One of us is stuck so far across the water, that we can barely make out her hand signals, yet our hearts remind us she is there. 
Most evenings we connect via What’s app, it has become the lake we come to drink at. Its cool waters brush aside our feelings of mother hunger for just a moment. 
October 2020 
I feel as if Natuvo lives within me. I am consumed by the way that elephants move through life. On safari, our guide tells us they are the arborists of the animal world – for every old tree root they devour, they replant. Their manure becoming the perfect nest for a new tree. 
I have been fighting this “new normal” I am supposed to get used to. I want December 2019 back, where I could see people smile when they read birthday cards in gift shops – carefully selecting the funniest for their dearest friend. I want to travel.... heck I think I might want to fly again, yet there is a ban now; funny how it’s true that you only want something when it’s gone. 
I want to go out for dinner. 
I want to sit in women’s groups. 
I watch David Attenborough’s latest documentary and I start to lean into the new normal. 
My face is smattered with dirty tear tracks, my eye sockets darkened and hurting. I realize with great pain how essential this horrific time is. 
We are now all migrating – one by one, tiny tribes of human beings starting to negotiate our journey – a journey we must take. 
It cannot be that we have burned this land to fuel our fires, it cannot be that we don’t hold ourselves accountable. 

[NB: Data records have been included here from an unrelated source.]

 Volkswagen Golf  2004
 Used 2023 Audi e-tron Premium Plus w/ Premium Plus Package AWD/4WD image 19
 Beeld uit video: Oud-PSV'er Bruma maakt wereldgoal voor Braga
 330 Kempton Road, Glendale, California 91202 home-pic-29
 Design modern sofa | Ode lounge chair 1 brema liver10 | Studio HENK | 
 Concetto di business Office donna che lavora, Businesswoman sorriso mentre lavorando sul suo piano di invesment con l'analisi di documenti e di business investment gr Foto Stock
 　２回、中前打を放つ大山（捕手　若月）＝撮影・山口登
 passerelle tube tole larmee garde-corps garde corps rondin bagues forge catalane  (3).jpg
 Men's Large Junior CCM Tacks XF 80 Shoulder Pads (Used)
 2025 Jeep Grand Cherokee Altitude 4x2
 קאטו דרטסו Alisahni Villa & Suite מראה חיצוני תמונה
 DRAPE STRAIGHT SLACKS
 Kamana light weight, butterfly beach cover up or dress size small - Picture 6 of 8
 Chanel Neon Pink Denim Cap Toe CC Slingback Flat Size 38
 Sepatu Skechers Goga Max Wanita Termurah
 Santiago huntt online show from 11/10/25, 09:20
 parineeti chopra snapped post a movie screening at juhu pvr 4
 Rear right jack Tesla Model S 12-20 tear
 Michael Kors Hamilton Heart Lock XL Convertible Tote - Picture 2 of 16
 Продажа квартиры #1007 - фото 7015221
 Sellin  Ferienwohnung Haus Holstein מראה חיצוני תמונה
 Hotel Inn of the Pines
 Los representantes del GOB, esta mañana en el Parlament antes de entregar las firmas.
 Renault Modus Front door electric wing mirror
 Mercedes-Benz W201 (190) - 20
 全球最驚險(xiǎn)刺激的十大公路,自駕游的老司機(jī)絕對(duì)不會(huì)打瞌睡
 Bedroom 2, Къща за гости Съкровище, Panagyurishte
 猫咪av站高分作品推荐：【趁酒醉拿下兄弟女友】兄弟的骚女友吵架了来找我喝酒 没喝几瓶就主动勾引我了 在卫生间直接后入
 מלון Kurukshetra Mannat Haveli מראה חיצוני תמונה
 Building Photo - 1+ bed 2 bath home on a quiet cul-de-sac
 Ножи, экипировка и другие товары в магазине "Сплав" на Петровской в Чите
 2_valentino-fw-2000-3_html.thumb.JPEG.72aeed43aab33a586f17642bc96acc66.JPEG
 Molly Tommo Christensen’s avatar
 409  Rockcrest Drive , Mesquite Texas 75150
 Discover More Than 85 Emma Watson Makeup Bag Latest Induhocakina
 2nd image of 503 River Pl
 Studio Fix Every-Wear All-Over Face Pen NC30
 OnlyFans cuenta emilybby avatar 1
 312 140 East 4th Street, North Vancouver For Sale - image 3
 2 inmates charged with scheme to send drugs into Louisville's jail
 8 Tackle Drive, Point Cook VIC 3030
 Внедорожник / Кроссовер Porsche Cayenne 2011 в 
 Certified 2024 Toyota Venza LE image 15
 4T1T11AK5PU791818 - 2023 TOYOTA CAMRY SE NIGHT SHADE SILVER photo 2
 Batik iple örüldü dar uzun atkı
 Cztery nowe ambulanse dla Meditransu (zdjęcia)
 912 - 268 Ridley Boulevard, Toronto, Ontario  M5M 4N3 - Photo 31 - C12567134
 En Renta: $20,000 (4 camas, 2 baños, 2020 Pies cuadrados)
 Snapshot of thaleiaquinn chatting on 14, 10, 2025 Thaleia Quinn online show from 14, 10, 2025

Elephants stand over the bones of their ancestors and pick over them, mourning the loss – Masai tribes will tell you that the bones talk to the elephants. 
2020 has asked me to pause, and stand over the bones of all the things that have died, and it is true that they have spoken to me. 
In April I heard them remind me how women hungry I can get. 
 
“I say, 
It’s in the arch of my back, 
The sun of my smile, 
The ride of my breasts, 
The grace of my style. 
I’m a woman 
Phenomenally. 
Phenomenal woman, 
That’s me.” 
Maya Angelou 
To my sister through birth, and all my sisters through migration – you are phenomenal women.